An album that is perhaps better suited for the red carpet than black, if you catch our drift, Eonian is Dimmu Borgir’s absolute slide away from black metal. The band’s inclusion or non-inclusion (however you want to say it) has been subject to debate for as long as keyboards became the primary element of their sound, which is either Stormblast or Enthrone Darkness Triumphant. Coupled with Dimmu’s popularity and harrowing prospect of bringing black metal to the masses (which never happened) and you have an outlier band all the way through, something that Eonian will only further supplement.

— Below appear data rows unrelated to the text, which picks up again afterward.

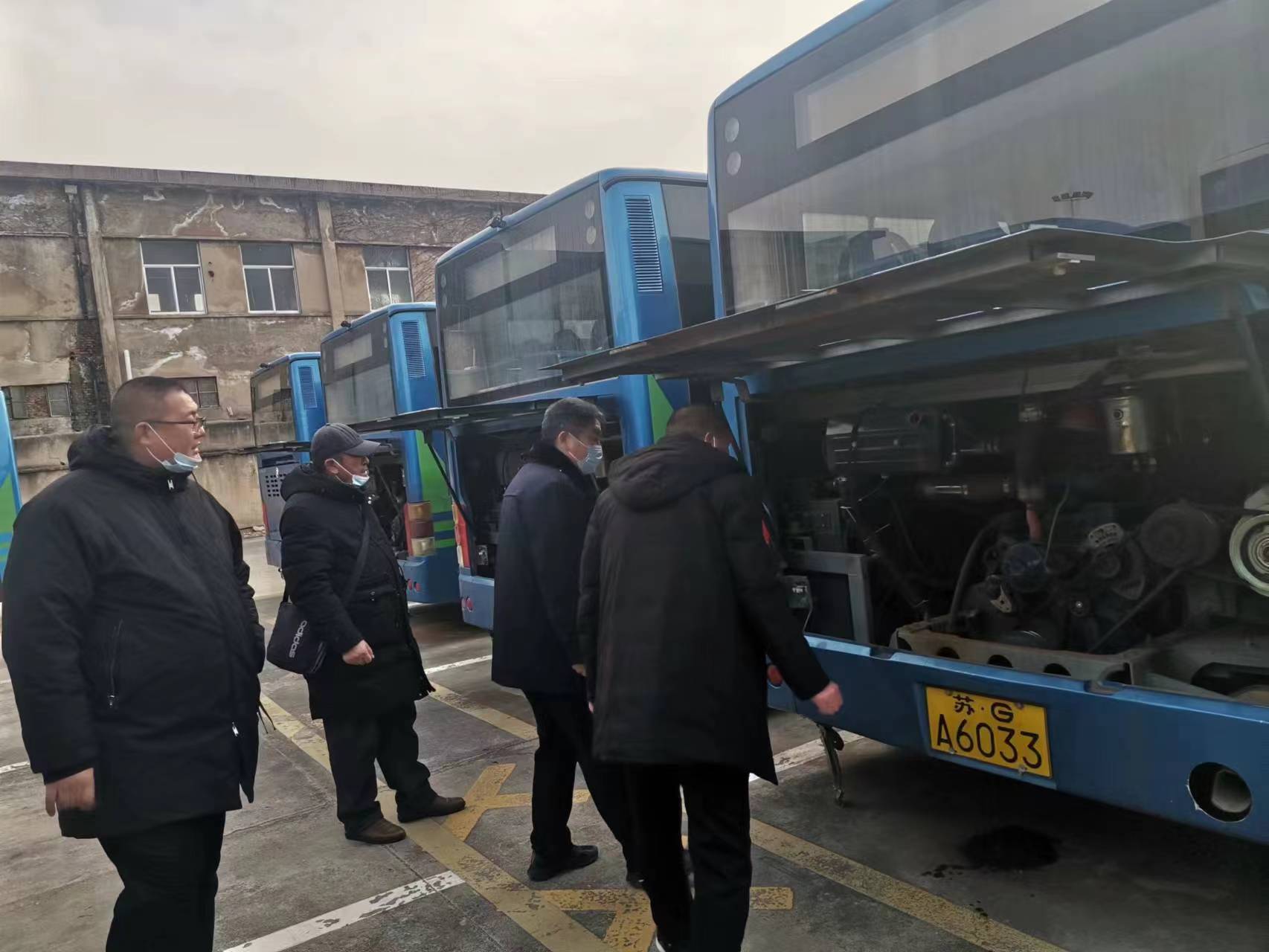 公交集團(tuán)公交事業(yè)一部多舉措保障車(chē)輛技術(shù)狀況 確保春運(yùn)車(chē)輛有序運(yùn)營(yíng)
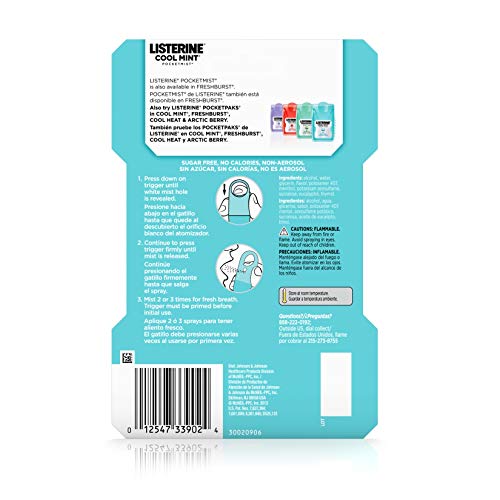 Listerine Pocketmist Cool Mint - Image 2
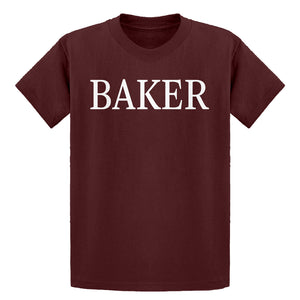 Youth BAKER Kids T-shirt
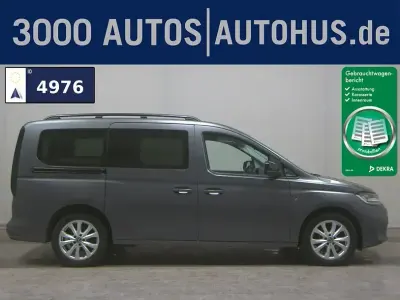 Gebraucht VW Caddy Life 122 PS (89 kW) 2022 Grau Van / Kleinbus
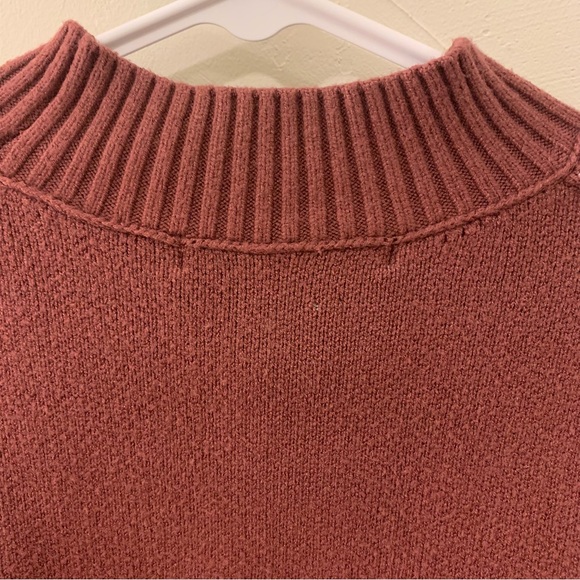 Altar'd State Terracotta Knit Sweater - Picture 7 of 8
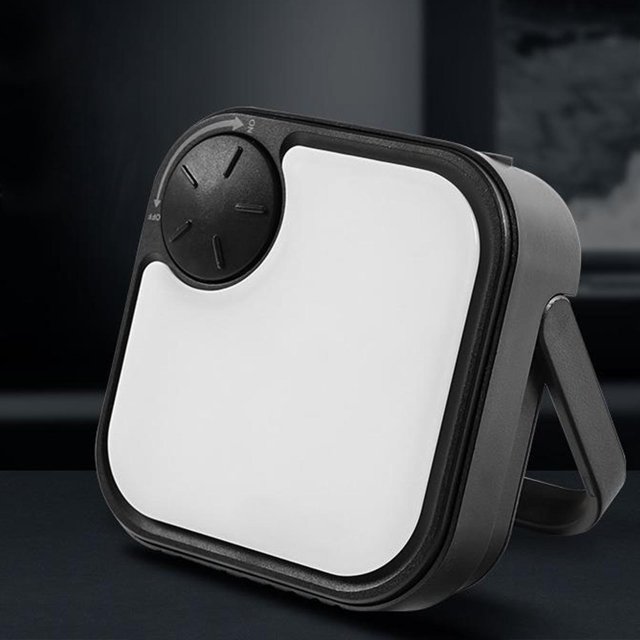 Linterna LED lámpara linterna de bolsillo colgante para jardín al aire libre pesca interior negro DYNWAVEMX Lámpara al aire libre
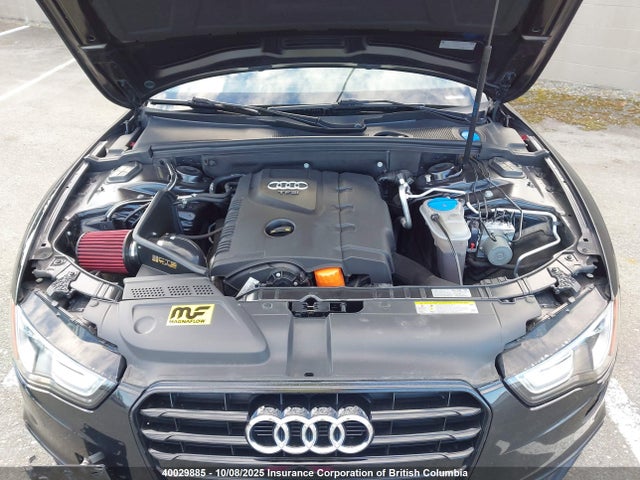 Audi flex fuel engine 2014 WAUWFBFR2EA046230 Image 10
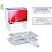 превью Штамп самонаборный Colop Printer 40-Set-F пластиковый с персонализацией 6/4 строки 59х23 мм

Heavily orchestrated, Eonian is, perhaps, Dimmu’s most elaborate, but the least threatening album to date. The grandiose boasts of lead single “Interdimensional Summit” are highlighted by one of Galder’s patented melodic leads, a Dimmu staple since he joined in 2000. While they don’t have the sheer weight and throttle of say, songs off of Death Cult Armageddon, “Interdimensional Summit,” “Ætheric” and “I Am Sovereign” possess the sort of cinematic, on-par-with-drama flair that has become symbolic with Dimmu in recent memory.
What is lacking is obvious: the extremity, something that only passes through when drummer Daray is turned loose, which, to many folks’ chagrin, is not often enough. Instead, Dimmu takes the full-on plunge into unchartered waters with “Alpha Aeon Omega” and “Rite of Passage,” two thoroughly melodic cuts that again, rely less on riffing and more on the band-produced orchestral arrangements and Shagrath’s scathing rasp.
This very well could be the line in the sand album for Dimmu. Abrahadabra was released eight years ago and the entire black metal landscape changed in the process. The obvious question comes from Eonian: Can Dimmu alter the black metal landscape once again? It’s a toss-up.